═══ Information provided

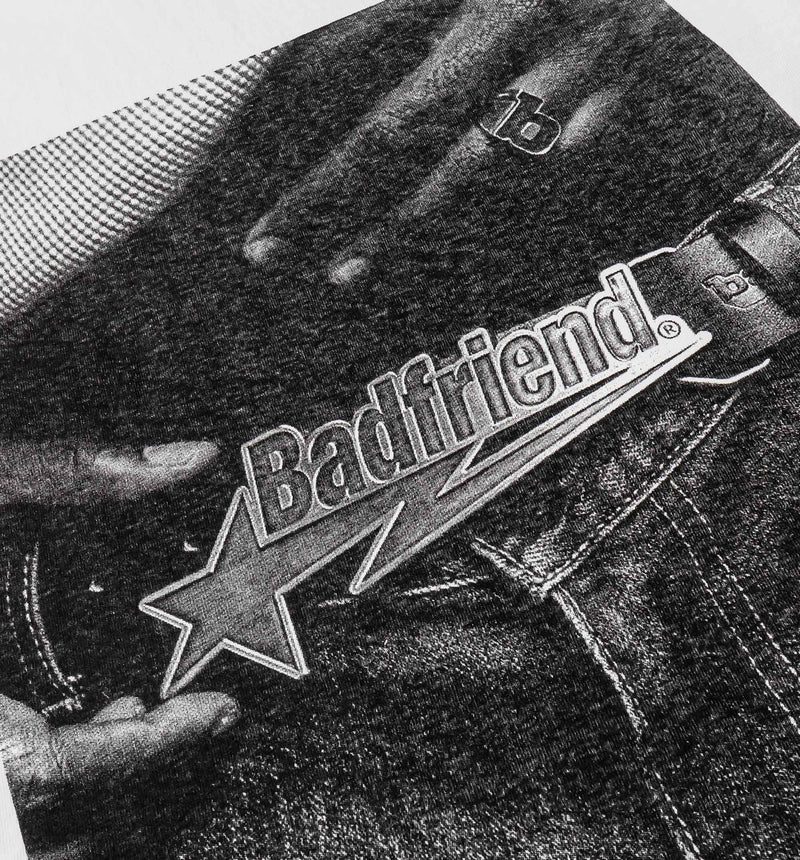 Star Logo Photo Mens Short Sleeve Shirt - White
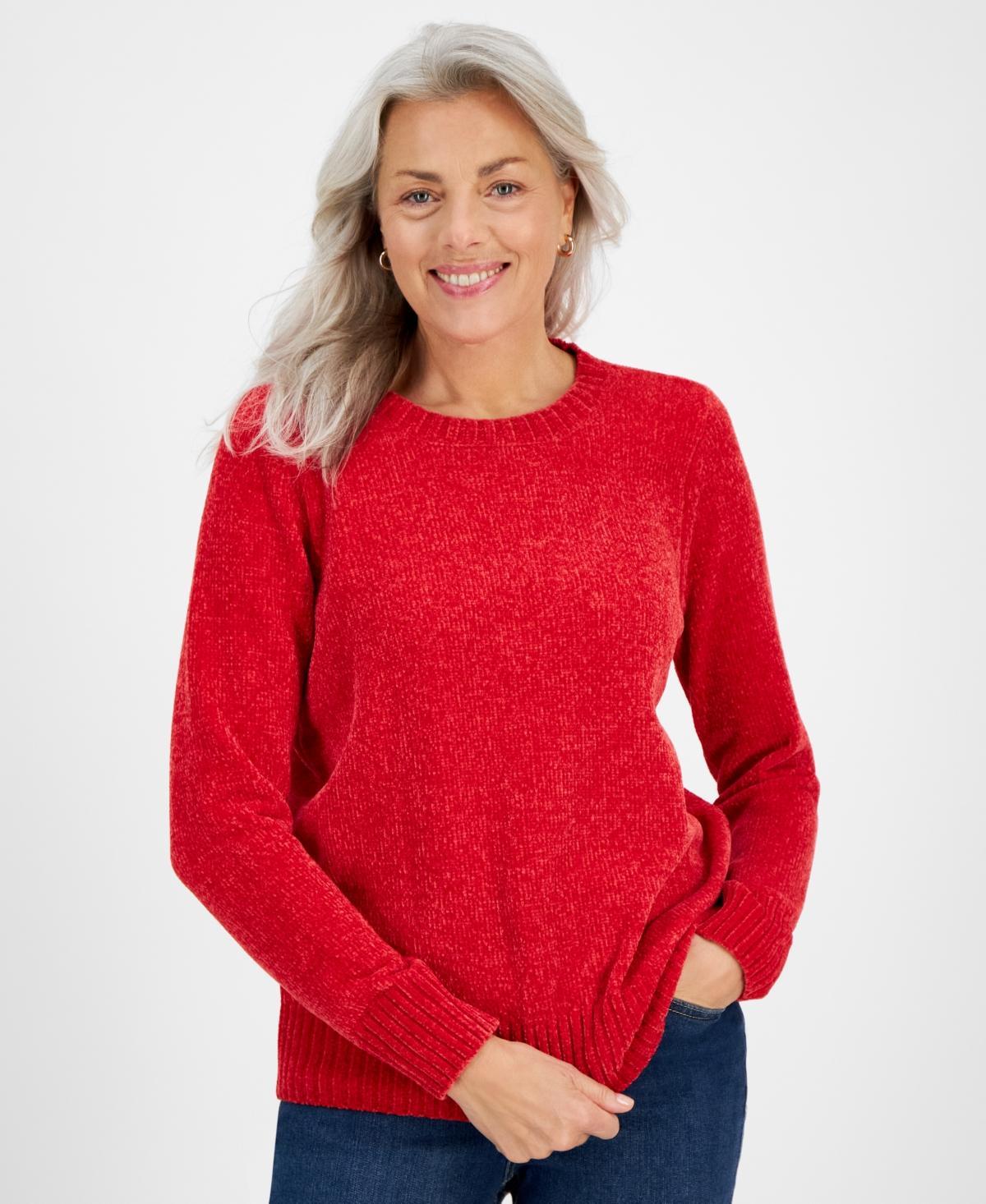 Style & Co Womens Crewneck Chenille Long-Sleeve Sweater, Created for Macys Product Image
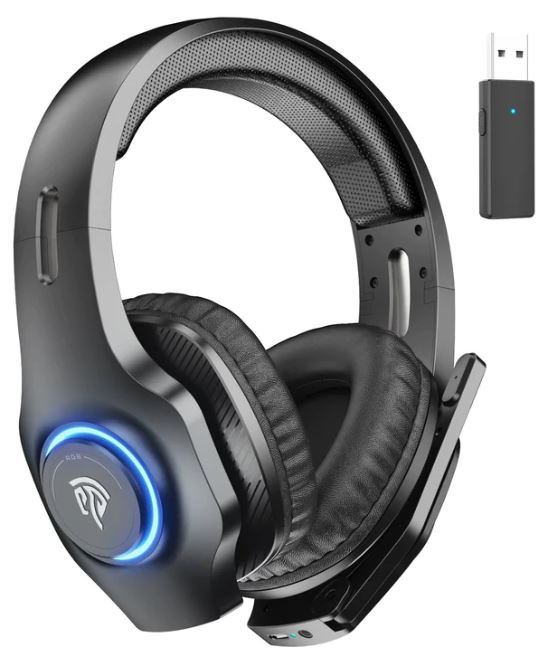 EasySMX VIP002W, Draadloze RGB Gaming Headset 2.4GHz, 7.1 Surround Sound, Deep Bass & Ruisonderdrukking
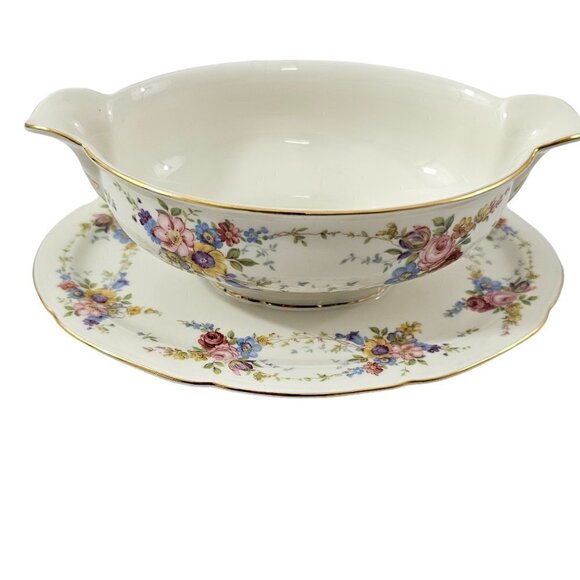 Imperial Bohemian Fine China Floral Print Gravy Boat w/Underplate Czechoslovakia - Picture 2 of 14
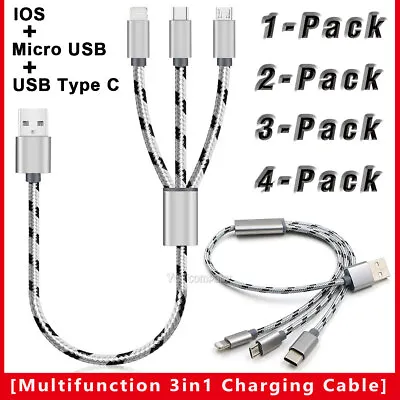 3 In 1 Braided USB Charging Cable Universal Charger Cord For Motorola Moto G6 G7 • $13.99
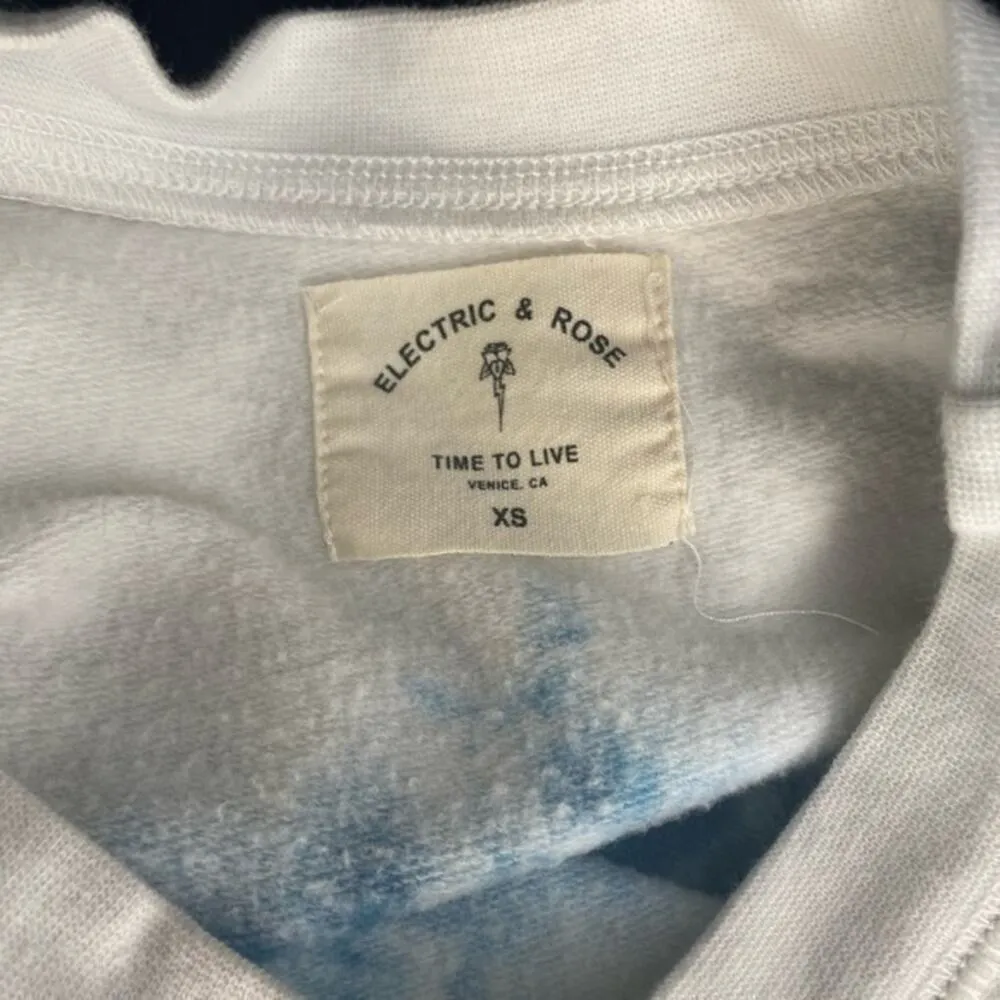 Electric & Rose Neil White Blue Tie Dye Striped Pullover Sweatshirt Size XS NWT - Image 5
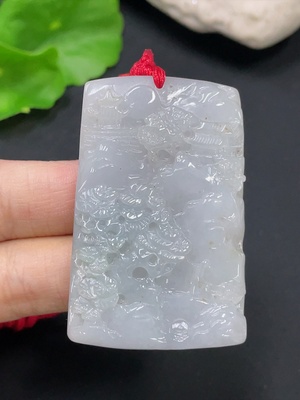 F31674134 Jadeite Pendant Landscape with Cord Total Weight Approx. 37.4g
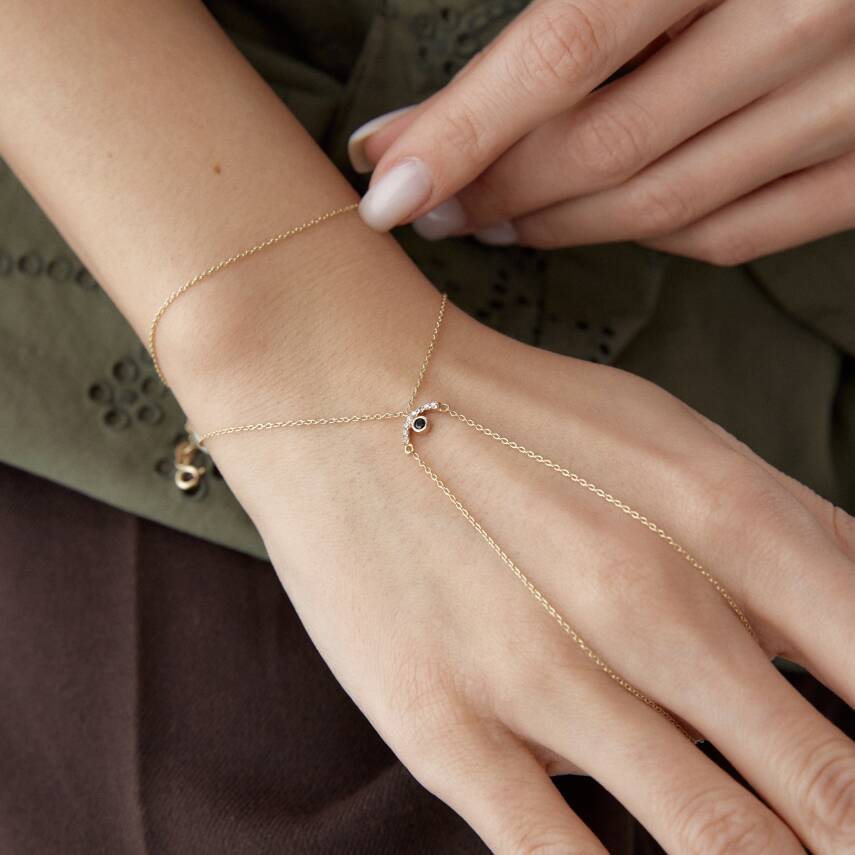 Altın Siyah Taşlı Yay Şahmeran - Semih Haşhaş Kuyumculuk (1)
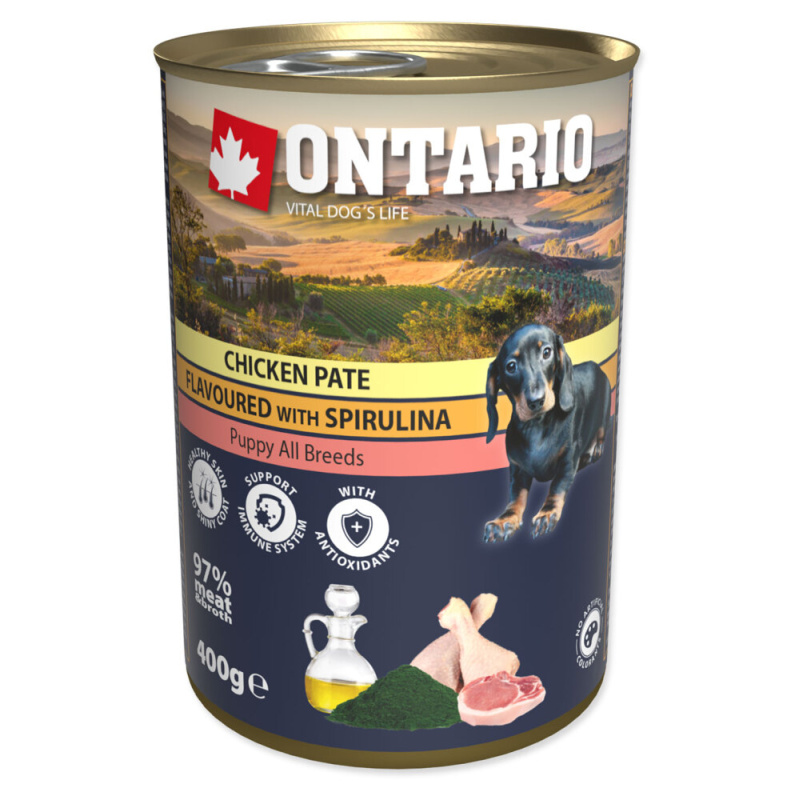 Konzerva ONTARIO Puppy kuřecí paté se spirulinou 400 g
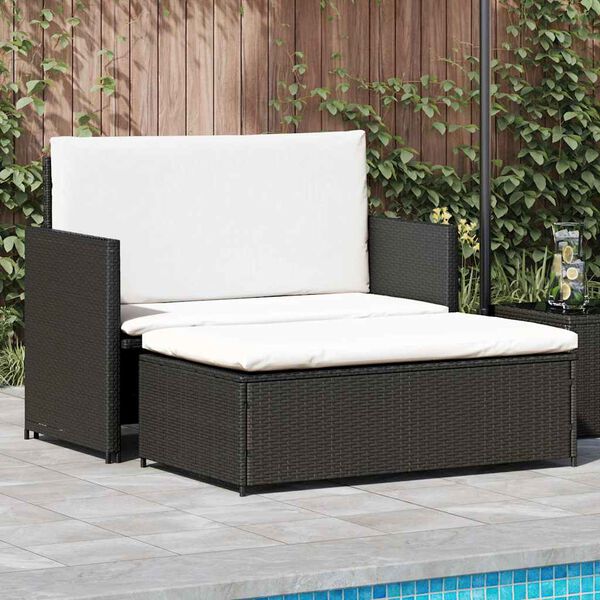 vidaXL 2 Piece Garden Lounge Set with Cushions Poly Rattan Black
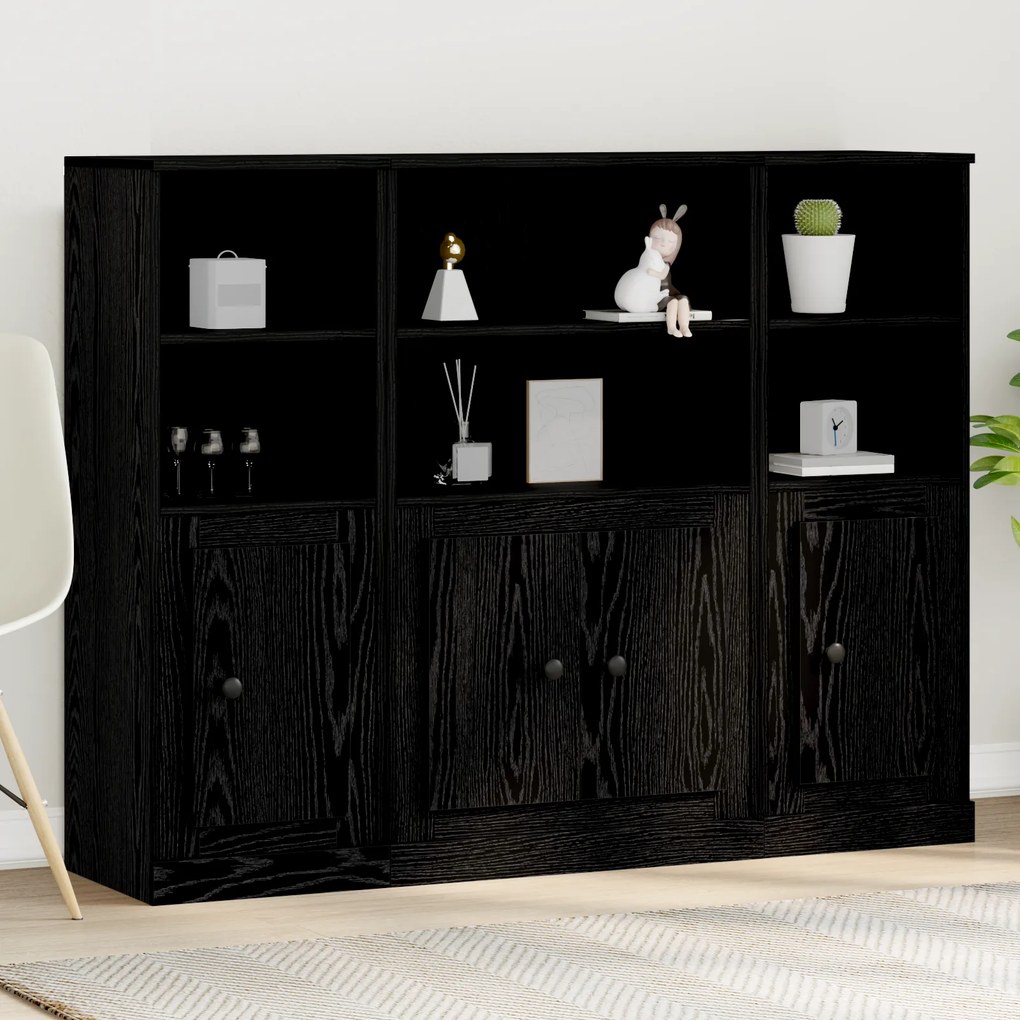 vidaXL Armário Alto Carvalho Preto 132x35,5x103,5 cm Madeira de engenharia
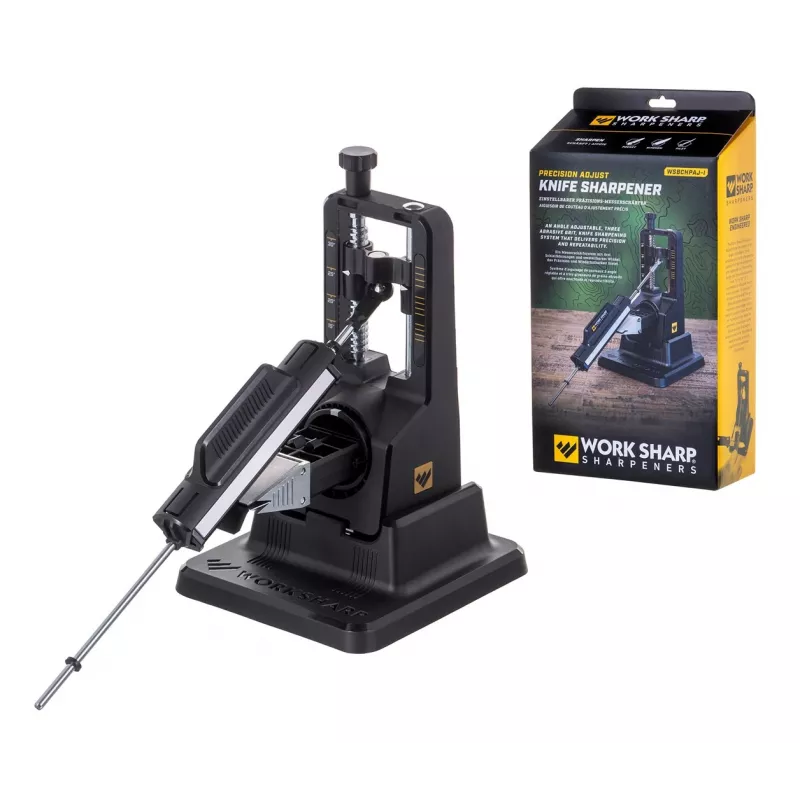 Knife sharpener Work Sharp Precision Adjust 09DX164 adjustable angle with ceramic honing rod, diamond plates, black, 243.8×165.1×143.3 mm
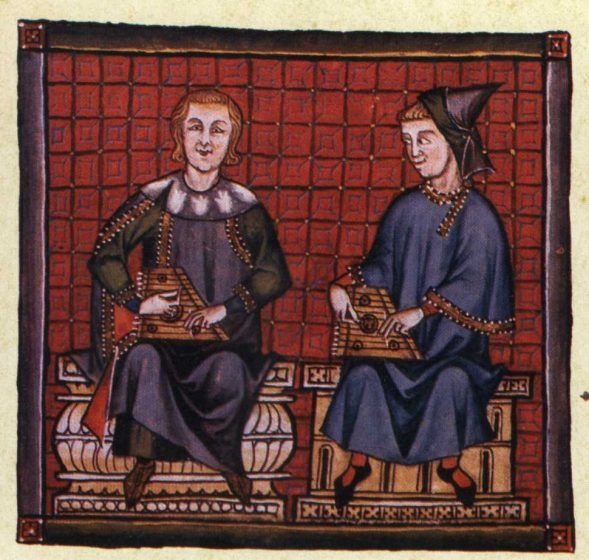 A colored drawing of two men playing zithers while sitting.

══════

Retype the entries above exactly, starting at their first line and ending with the line that holds "3 In 1 Braided"; pictures stay out.

 Star Logo Photo Mens Short Sleeve Shirt - White
 Style & Co Womens Crewneck Chenille Long-Sleeve Sweater, Created for Macys Product Image
 EasySMX VIP002W, Draadloze RGB Gaming Headset 2.4GHz, 7.1 Surround Sound, Deep Bass & Ruisonderdrukking
 Imperial Bohemian Fine China Floral Print Gravy Boat w/Underplate Czechoslovakia - Picture 2 of 14
 3 In 1 Braided USB Charging Cable Universal Charger Cord For Motorola Moto G6 G7 • $13.99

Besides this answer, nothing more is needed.